Results and discussion
Three-way genome comparison
The genomes of the three sequenced Brucella biovars (B. abortus 9-941, B. melitensis 16 M and B. suis 1330) were compared globally to identify the extent of similarity between these closely related bacterial species.
Our results for comparison of B. suis to B. melitensis (Figure 1A) were generally in agreement with those of Paulsen et al., 2002 . We further tried to pinpoint which of the potentially unique genes could also distinguish B. melitensis and B. suis from B. abortus, and would therefore be of interest as differentiating probes on an expression array, by including draft genome sequence from B. abortus in the comparison. Subsequent results of comparisons to the finished B. abortus sequence by Halling et al. , are in reasonable agreement with our results, though some minor differences in feature identification arose from our use of a draft annotation. Our computational and experimental analysis identified and confirmed a set of 22 ORFs to be present in B. suis 1330, but not in B. melitensis 16 M or B. abortus 9-941, and another 22 ORFs found in both B. suis 1330 and B. abortus 9-941, but not in B. melitensis 16 M. These differentiating ORFs extend a known set of 217 ORFs, which have been shown experimentally to differ in expression between the Brucella species in a B. melitensis 16 M based microarray experiment . Our three-way genomic comparison together with the genomic comparison performed by Halling et al. , demonstrates that B. suis 1330 and B. abortus 9-941 both contain the ORFs identical to BMEI1747, BMEII1071, BMEI 1746, and BMEI1896, BMEI1919-21, BMEI1923, BMEII0826, BMEII0850, and BMEI1662, which were shown to be completely or partially missing from either B. suis S100 or B. abortus S2308 or both respectively .
Supporting previous findings that the three genomes are highly similar, the majority (>90%) of annotated genes were found to share 98–100% sequence identity at the nucleotide level with their apparent homologues in each of the other genomes. The majority of differentiating genes identified are in large (~20 kb) regions, which partly account for differences in chromosome size. Most of these genes have functional assignments in existing annotation. Table 1 provides a detailed description of the differentiating genes identified in this study, organized according to their order in the B. suis genome, or in the B. melitensis genome in those cases where there was no B. suis sequence match. Genes shown as present in B. suis and B. melitensis but absent in B. abortus mainly correspond to a large deletion in the genome sequence of B. abortus relative to the other genomes, which was previously identified by Vizcaino and colleagues , and identifiable in [GenBank:AF076290]. The identities of these genes were confirmed by comparison of that record to the draft B. abortus sequence.
Functional significance of genomic differences
We identified several multi-gene regions that contain the majority of differentiating genes (Table 2).
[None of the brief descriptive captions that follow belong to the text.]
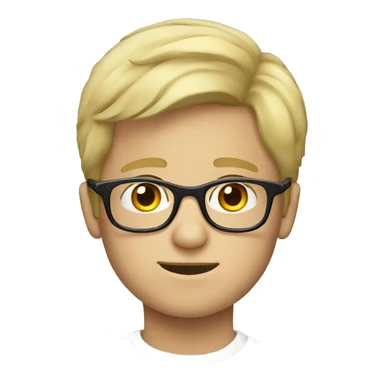 blonde haired boy with glasses sticker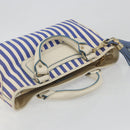 CELINE Boogie Bag Canvas Navy Gold Tone Auth 198642A-7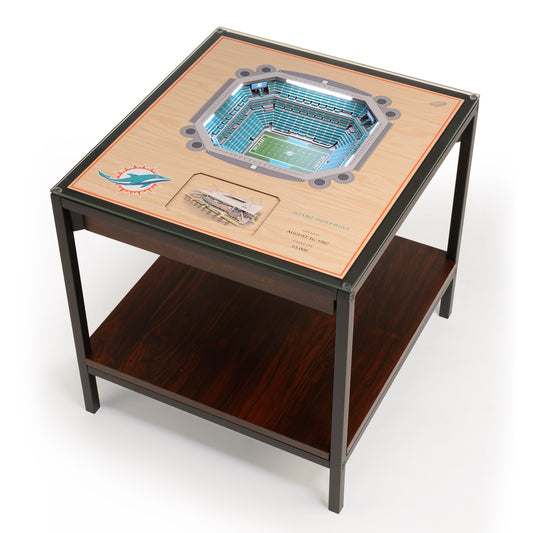 MIAMI DOLPHINS 25 LAYER 3D STADIUM LIGHTED END TABLE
These six regions alone are sufficient to discriminate between the three Brucella species. In a pairwise comparison, thirty-three regions were described as unique to either B. suis or B. melitensis . In a three-way comparison that included the draft B. abortus sequence, we find that many of these differentiating features can no longer be considered unique for the purpose of discriminating among the three species. Fewer single-species specific genes remain, twenty-two unique genes in B. suis and one in B. melitensis, which demonstrates the homogeneity of the genus. A complete list of differentiating coding regions is given in Table 1, and their possible significance is described below.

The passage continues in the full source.